Oğlunun aynı gün uçakla Gaziantep'e gittiği bilgisine ulaştıklarını anlatan Özdoğan, sadece SIM kartını yanına alan oğluna mesaj göndermesine rağmen bir türlü ulaşamadığını, mayıs ayının son haftasında ise "Türkmen Hasan" isimli bir Suriyeli'nin "Çocuğunun yanındaydım. Çocuğun yiğitçe çarpıştı, şehit oldu. Mezarını görmek istiyorsan, Hatay'a gel, mesajlaşalım, senle görüşelim, sana gösteririm" şeklinde mesaj attığını belirtti.

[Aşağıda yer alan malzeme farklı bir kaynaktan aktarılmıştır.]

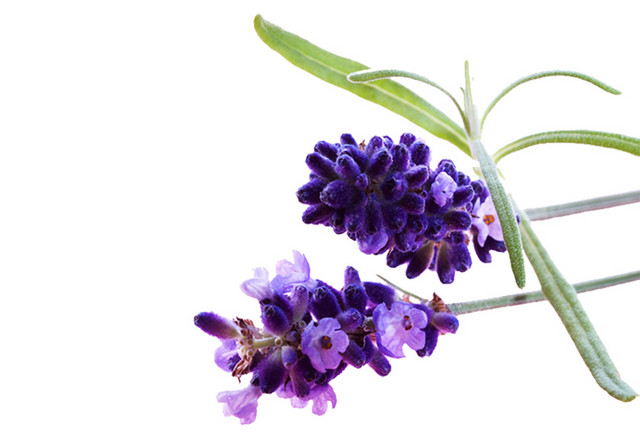 薰衣草花饰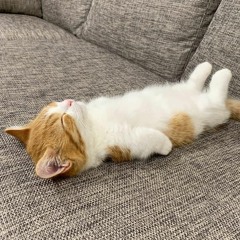 me when its naptime (im having great dreams)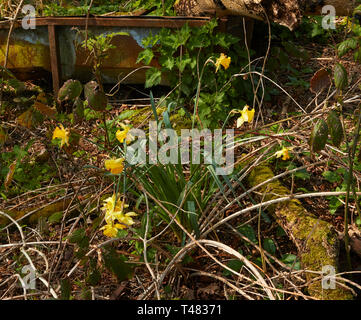 Wilden Narzissen auf einem uralten Waldboden in der Landschaft von Kent, England, Vereinigtes Königreich, Europa Stockfoto
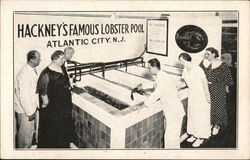 Hackney's Famous Lobster Pool Postcard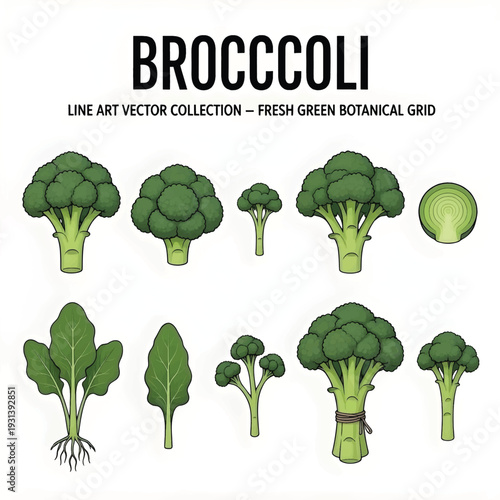 write title and tags with sperated comma for my adobe stock account on this key word"ICEBERG"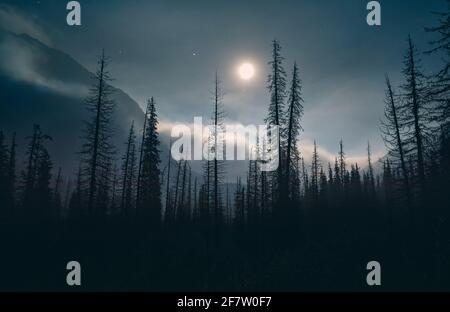 Silhouette di abete rosso al cielo notturno con luna piena e. Stelle sulle montagne del Kazakistan Foto Stock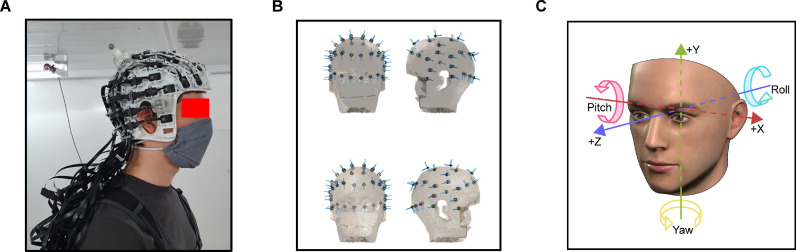 Fig 1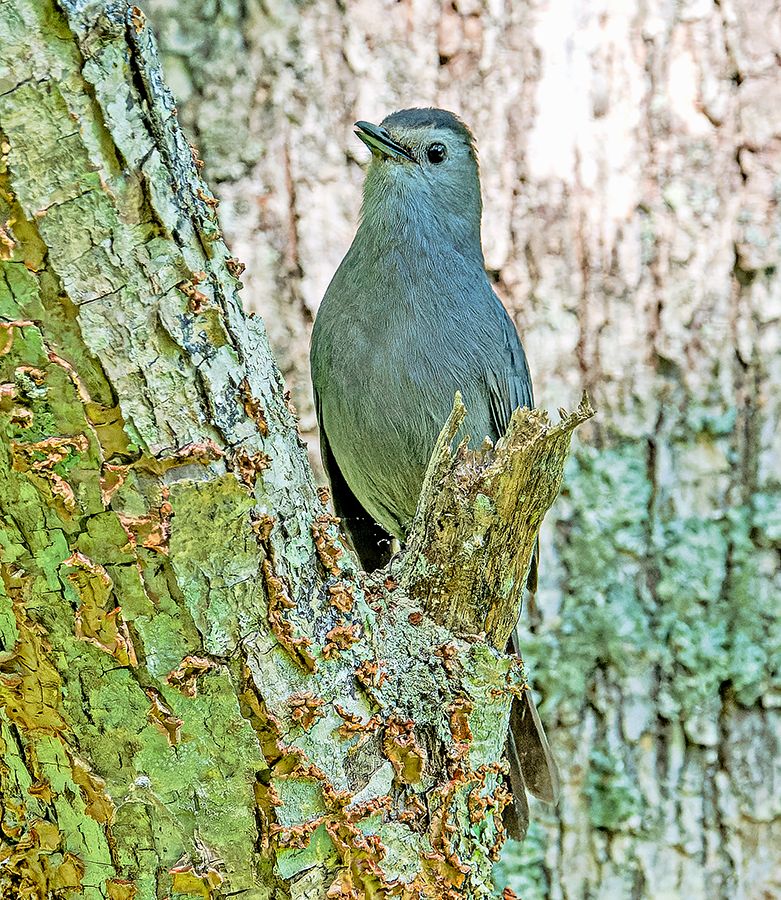 Gray Catbird - ML619987827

Bu kişinin daha sonra "oğlunun mezarını göstereyim" şeklinde başka bir mesaj attığını dile getiren Özdoğan, "Türkmen Hasan'ı birkaç kez telefonla aradım. En sonunda bir gün ulaşabildim. Konuştuk, bana şunları söyledi; 'Biz, 40 kişi dinlenme yerindeydik, bombalandık. Birinci bombalanmada ben yaralandım. Serda sağdı. İkinci bombalanmada Serda şehit olmuş. Mezarı bellidir'. Neredesiniz dedim, 'Halep'teyiz' dedi. Hangi grupta olduklarını söylemedi. 'Üstü başı, telefonu, neyi varsa bir şeylerini gönder bana, inanayım, inanmıyorum' dedim. Telefonu kapattı, daha da haber alamadık" diye konuştu.
Özdoğan, oğlunun evli ve iki çocuk babası olduğunu belirterek, "Gelinim ve torunlarımı yanıma getirdim. Biz de kalıyorlar. Oğlum, Başbakan'ı da çok severdi. Başbakan'dan ve yetkililerden oğlumun bulunması için yardım bekliyorum" dedi.
Kurtuluş Özdoğan, oğlunun bulunması için Dışişleri Bakanlığına başvurduklarını sözlerine ekledi.